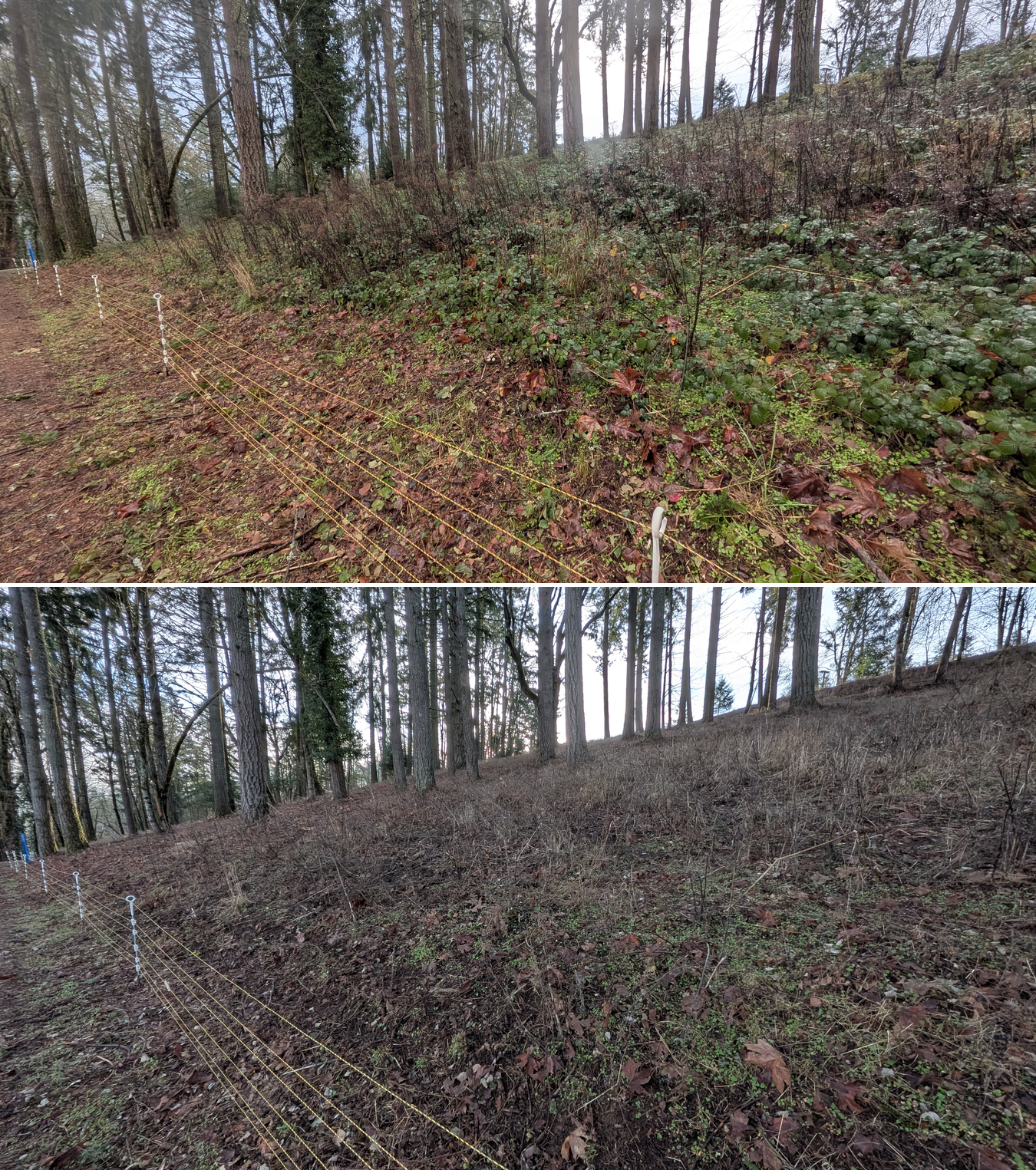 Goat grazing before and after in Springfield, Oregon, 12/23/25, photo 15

--

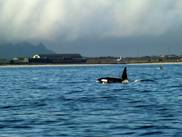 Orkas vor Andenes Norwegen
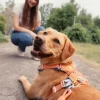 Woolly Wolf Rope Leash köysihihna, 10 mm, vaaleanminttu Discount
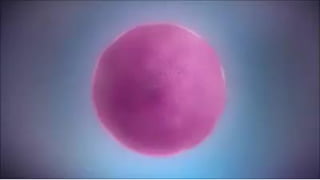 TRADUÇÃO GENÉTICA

* * *

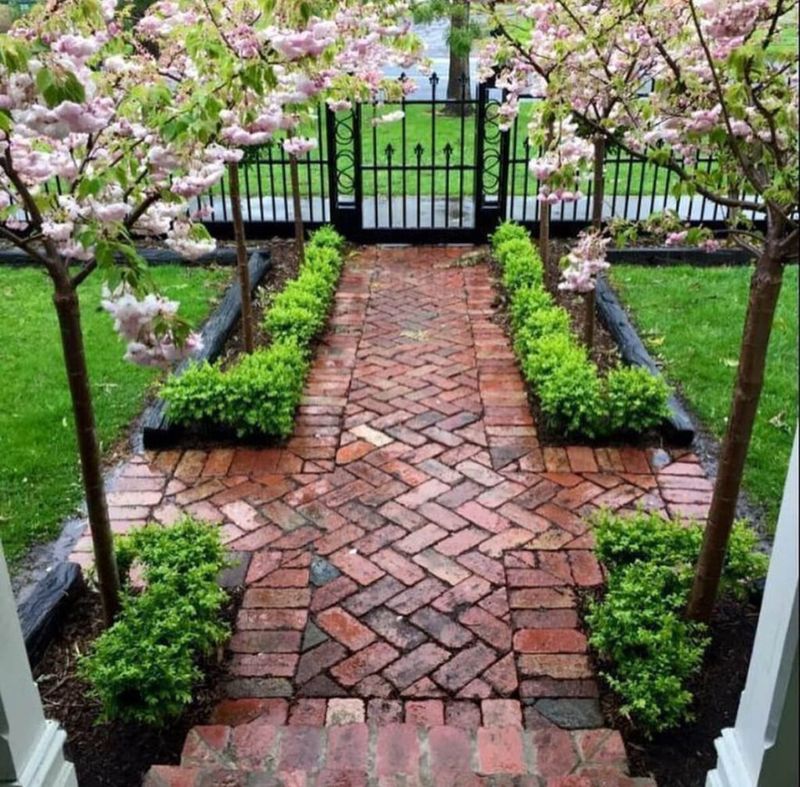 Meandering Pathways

■ What to work on: What you return must match, character for character, the lines above from the one with "Woolly Wolf Rope" through the one with "TRADUÇÃO GENÉTICA", minus any pictures.

■ Task answer:
 Woolly Wolf Rope Leash köysihihna, 10 mm, vaaleanminttu Discount
 TRADUÇÃO GENÉTICA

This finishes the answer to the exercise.